What to produce
The listing below should be printed exactly, every line of it. Skip the pictures.

[Data block Boundary: Start]

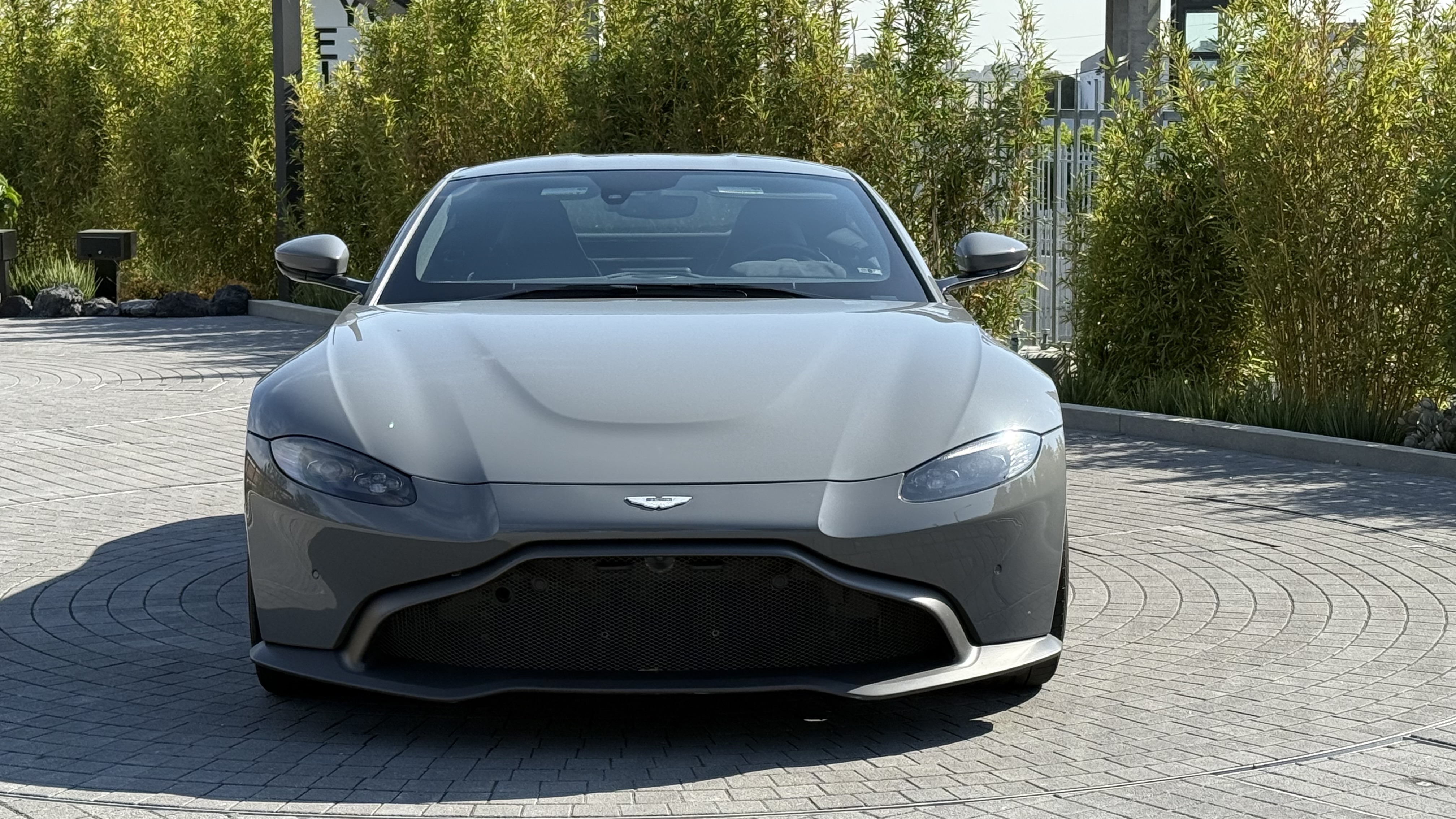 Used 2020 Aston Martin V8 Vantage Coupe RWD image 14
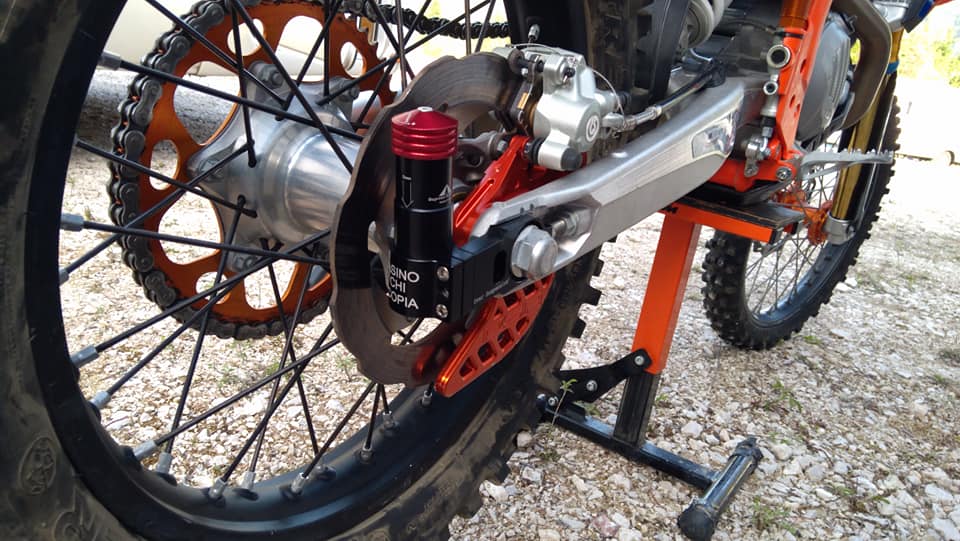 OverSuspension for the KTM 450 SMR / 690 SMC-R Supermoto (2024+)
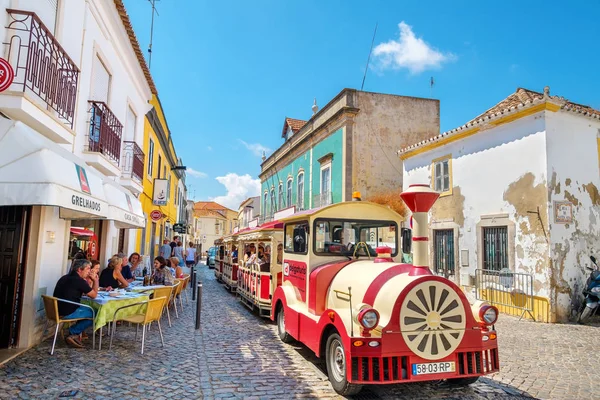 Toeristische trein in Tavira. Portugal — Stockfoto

[Data block Boundary: End]

Exercise answer
 Used 2020 Aston Martin V8 Vantage Coupe RWD image 14
 OverSuspension for the KTM 450 SMR / 690 SMC-R Supermoto (2024+)
 Toeristische trein in Tavira. Portugal — Stockfoto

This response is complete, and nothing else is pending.